**TASK INSTRUCTIONS:** Nothing outside the lines below from the one containing "Exterior Community Building" through the one containing "bathroom with a shower with door" is to be printed; print those exactly, ends included, and drop the pictures.

**RECORDS FOR PROCESSING:**

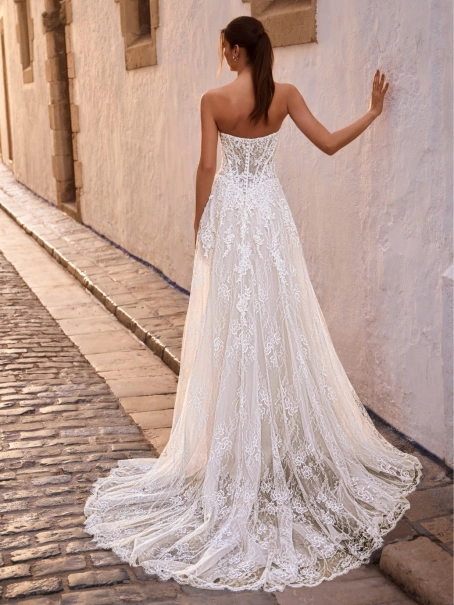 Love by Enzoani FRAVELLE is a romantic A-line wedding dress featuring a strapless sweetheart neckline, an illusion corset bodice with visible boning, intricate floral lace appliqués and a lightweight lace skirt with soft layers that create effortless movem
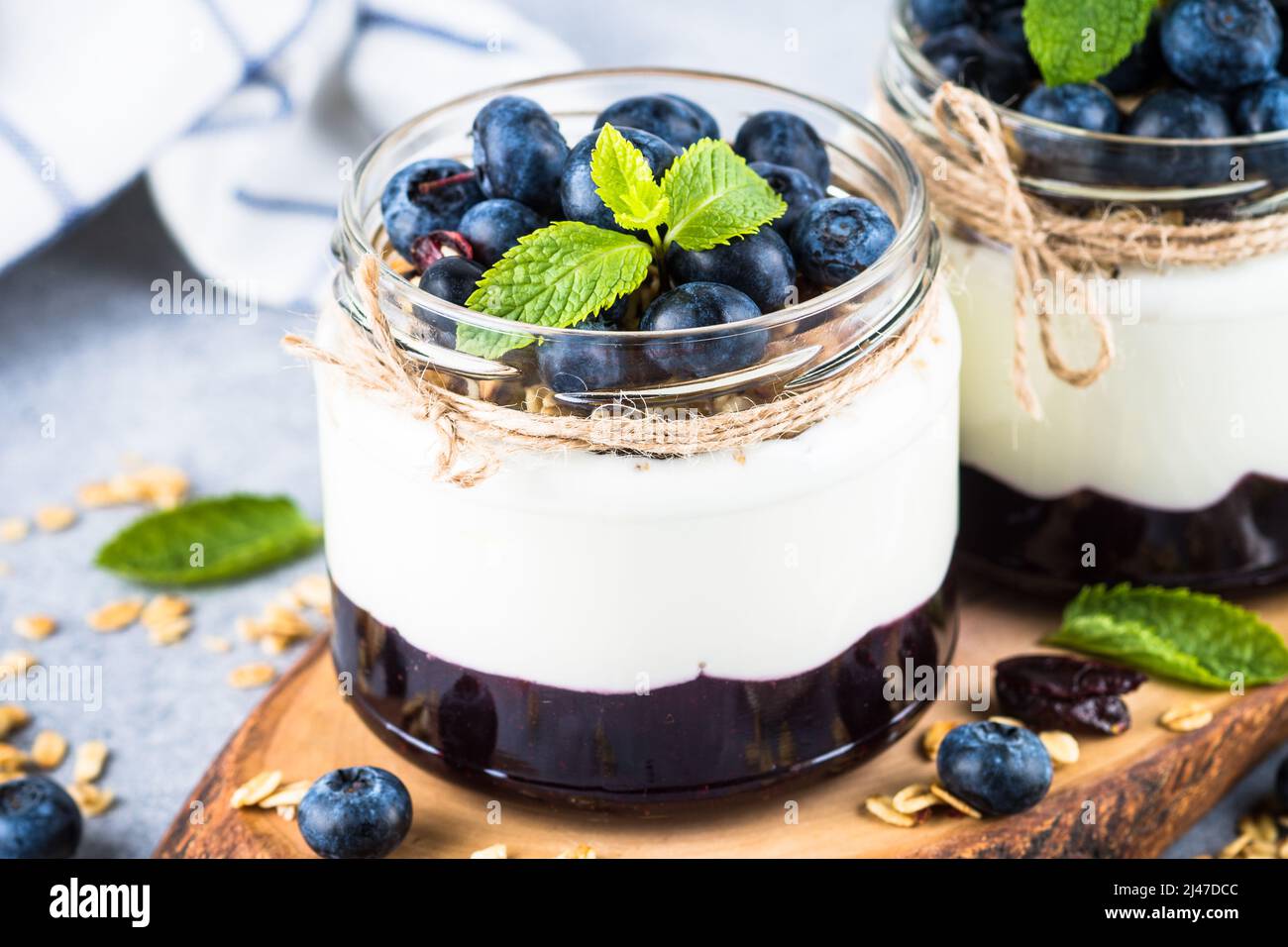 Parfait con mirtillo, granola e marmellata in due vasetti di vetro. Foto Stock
* * *
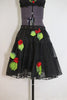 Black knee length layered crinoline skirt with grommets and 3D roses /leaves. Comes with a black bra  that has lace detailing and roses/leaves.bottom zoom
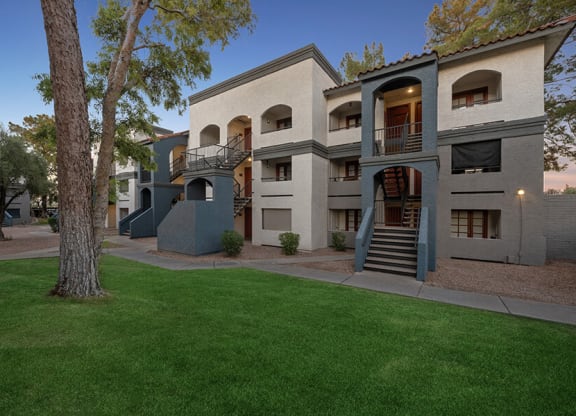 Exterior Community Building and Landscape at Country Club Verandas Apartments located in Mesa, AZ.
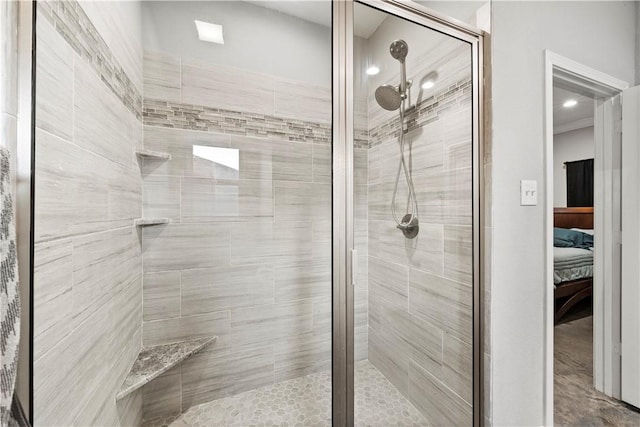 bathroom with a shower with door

**WRITTEN RESPONSE:**
 Exterior Community Building and Landscape at Country Club Verandas Apartments located in Mesa, AZ.
 bathroom with a shower with door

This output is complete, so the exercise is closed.